At the same time, it is the Flink's connectors which contain implementation of sources and sinks, which are responsible for providing methods to extract lineage information. This poses a challenge for the OpenLineage integration, as it requires the connectors to implement the lineage interfaces. Currently, only the Kafka connector supports this functionality.
Usage
To enable OpenLineage integration in Flink 2.x, a job status change listener has to be configured as described in Flink docs.
This can be achieved by including openlineage-flink package on the classpath and providing extra config:
execution.job-status-changed-listeners = io.openlineage.flink.listener.OpenLineageJobStatusChangedListenerFactory
Please refer to configuration section for more details about the configuration options.
Implementation
OpenLineage implements io.openlineage.flink.listener.OpenLineageJobStatusChangedListener which is a subclass
of org.apache.flink.core.execution.JobStatusChangedListener. One of its subclasses is
org.apache.flink.streaming.runtime.execution.JobCreatedEvent which contains a method
that returns LineageGraph object. This object contains all the lineage information about the job.

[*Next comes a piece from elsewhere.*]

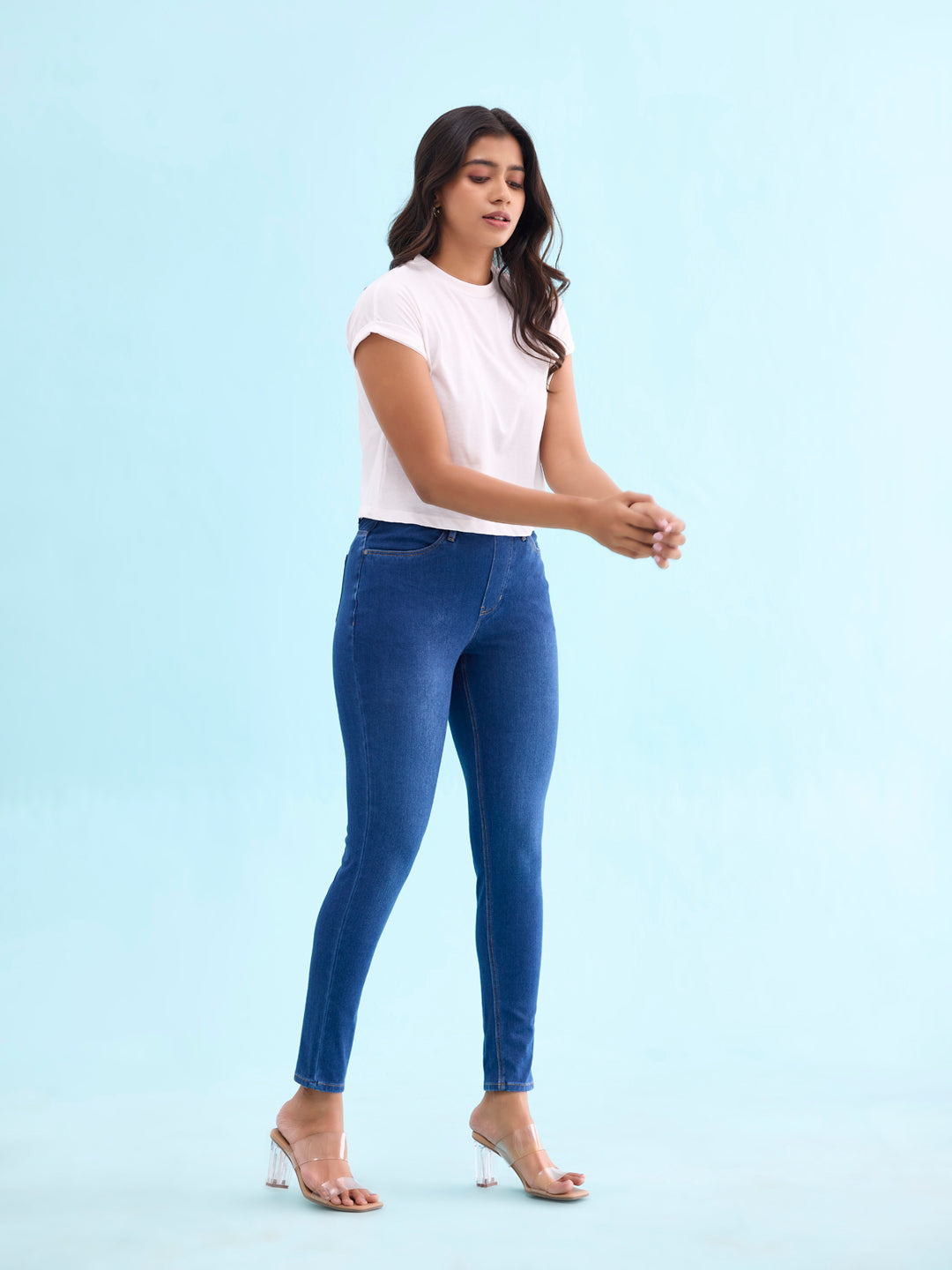 Blue Cotton Poly Stretch Denim Jeggings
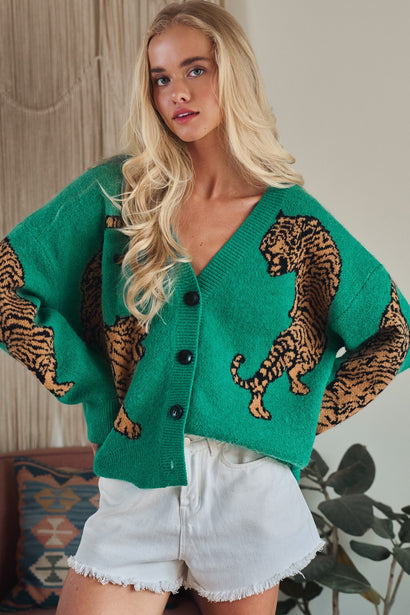 Wild Tiger Knit Cardigan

Additionally, after a job is triggered, OpenLineage integration starts job tracker thread that periodically polls lineage metadata updates from Flink jobs API. Currently, it is used to collect information about the checkpoints processed.
Column Level Lineage
Unfortunately, lineage interfaces in Flink 2.x do not provide column level lineage information. In general, this may be difficult to extract for the transformations defined through the programming language. However, it is possible to extract column level lineage information for Flink SQL jobs.
Following PR contains a potential extension to Flink to make it available. Please refer to this document for more information about the implementation.

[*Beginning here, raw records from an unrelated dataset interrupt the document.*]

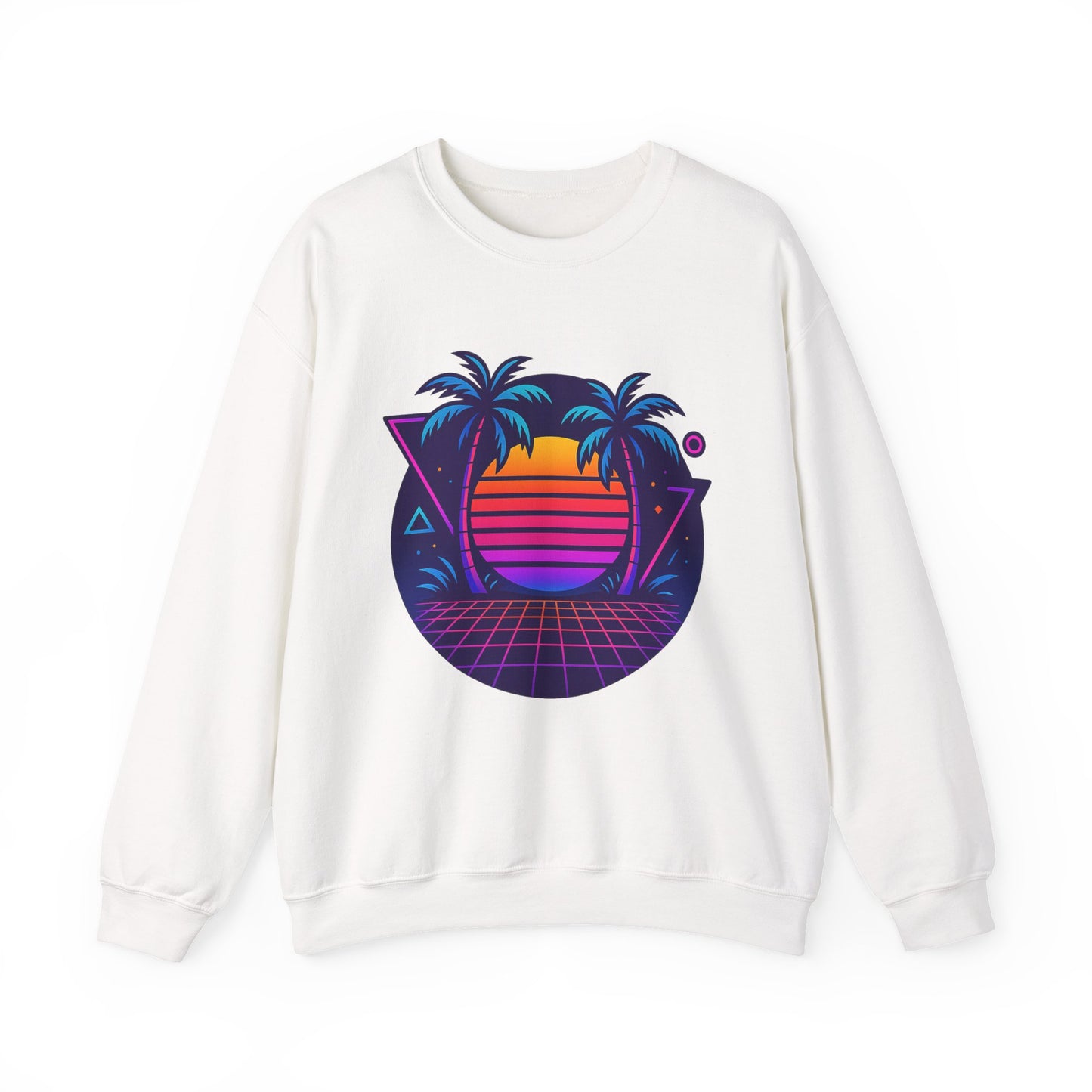 Retro Sunset Palm Trees Crewneck Sweatshirt | Cozy Unisex Fashion | Perfect for Summer Nights, Beach Days, Gifts, Casual Wear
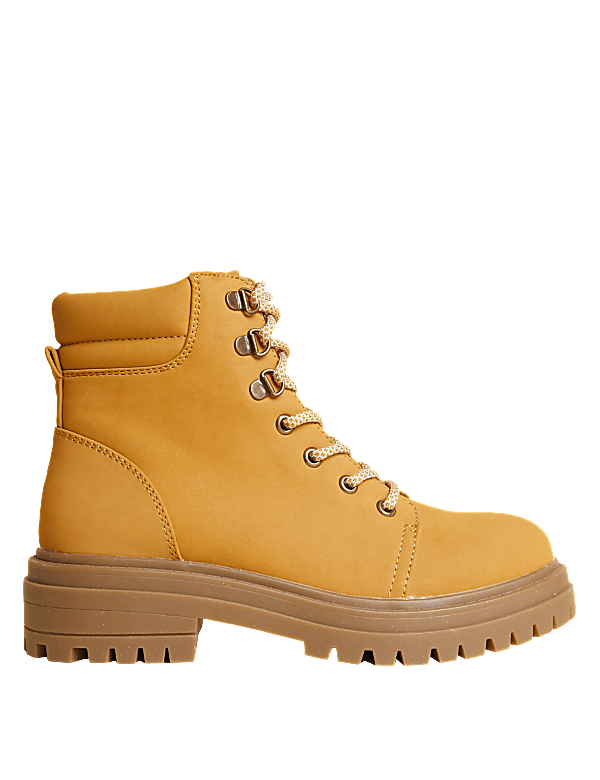Hiker Lace Up Flat Ankle Boots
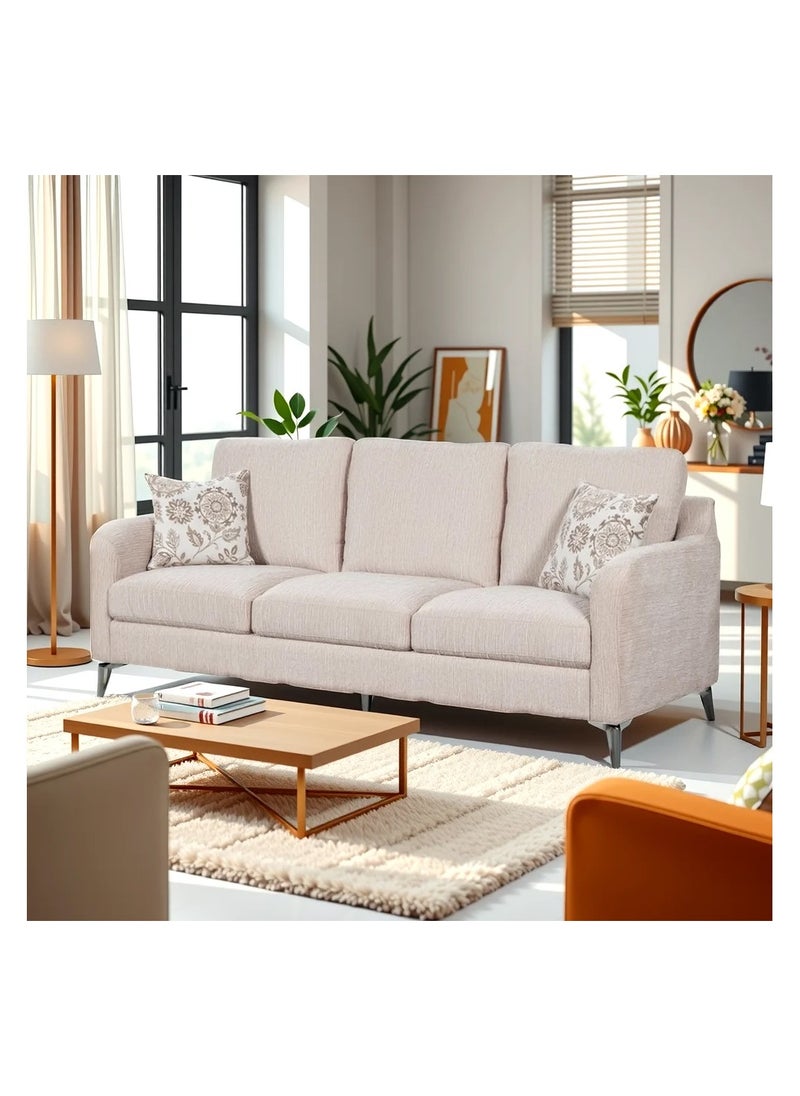 ROYALOAK Royaloak Weston Fabric 3 Seater Sofa | Metal Frame Support | Fabric Upholstery | Sofa 3 Seater | Durable & Long-lasting | Comfortable Seating Space  - Image 2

Special Detached Job Tracking Flow
How to know if you need this flow
You likely need detached job tracking if either of these is true:
- You're submitting your job in detached mode, with the job client running on a remote machine meaning the client and the JobManager are in different JVMs.
- In the default flow, you're only seeing the
STARTevent and noRUNNING,COMPLETE, orFAILevents afterward, which is a strong signal that your job is being submitted remotely in detached mode.
Enabling it
Enable the flow by setting openlineage.flink.enableDetachedJobTracking to true. See the
configuration section for this option and the related
openlineage.flink.detachedStartEventEmitTimeoutInSeconds timeout.

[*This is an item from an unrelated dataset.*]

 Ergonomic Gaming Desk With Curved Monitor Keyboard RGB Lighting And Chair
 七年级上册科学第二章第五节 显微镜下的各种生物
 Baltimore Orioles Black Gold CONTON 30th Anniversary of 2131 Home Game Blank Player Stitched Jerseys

With this enabled, the START event is emitted from the submitting (client) process, while later status
events (RUNNING, COMPLETE, FAIL) are handled by the JobManager listener.
How it works
When you submit remotely in detached mode, the job client and the JobManager run in different JVMs,
typically on different machines. The default flow assumes both lifecycle stages happen in the same JVM:
the client-side START event carries the Flink job ID, and the JobManager-side listener relies on that
same event to initialize its tracking.
Because the client is remote and lives in a separate JVM, the JobManager-side listener never receives
that job ID. It cannot associate incoming status changes with the existing run, so it does not emit OpenLineage
events for them. This is why you see START event but nothing after it.
Detached job tracking fixes this by having the JobManager-side listener reconstruct the same OpenLineage
run id from the Flink job id and the job start time exposed by the Flink jobs API, so the
post-submission lifecycle events correlate back to the original START.
Limitation
Unlike the default flow, detached job tracking does not emit an immediate RUNNING event right after START
to avoid race conditions. Later RUNNING events will be emitted as normal from checkpoint tracking using the
openlineage.trackingIntervalInSeconds interval.